| Activity |
Images are not wanted; transcribe the rest of the listing exactly.
[[ Dataset extract open ]]
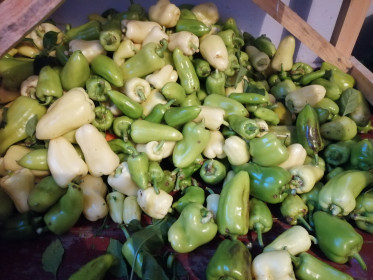 "Горка сладкого перца" из с.Сычевка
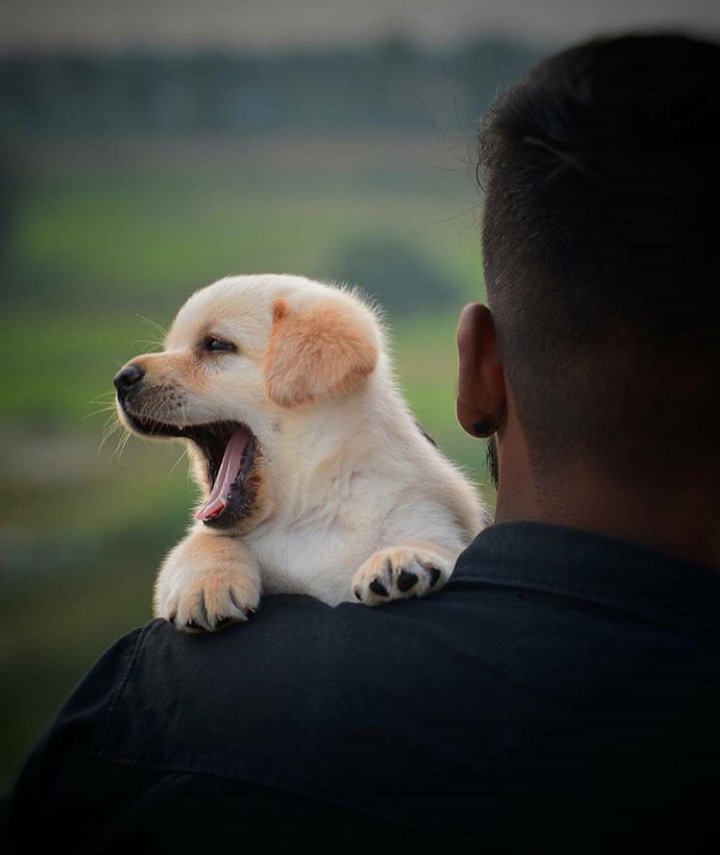 So cute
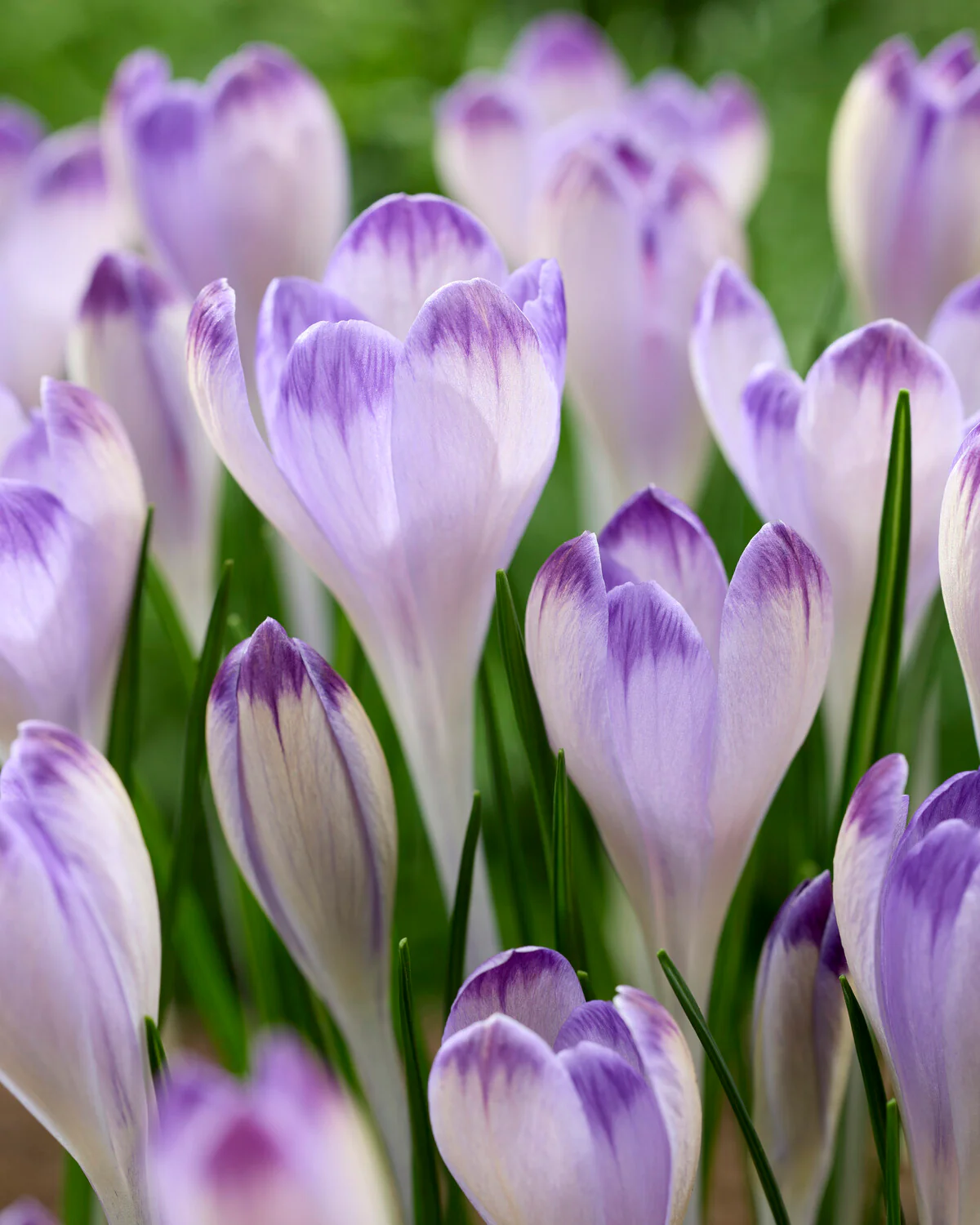 Crocus 'Harry Hay' - Image 2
[[ Dataset extract closed ]]
| Problem solution |
 "Горка сладкого перца" из с.Сычевка
 So cute
 Crocus 'Harry Hay' - Image 2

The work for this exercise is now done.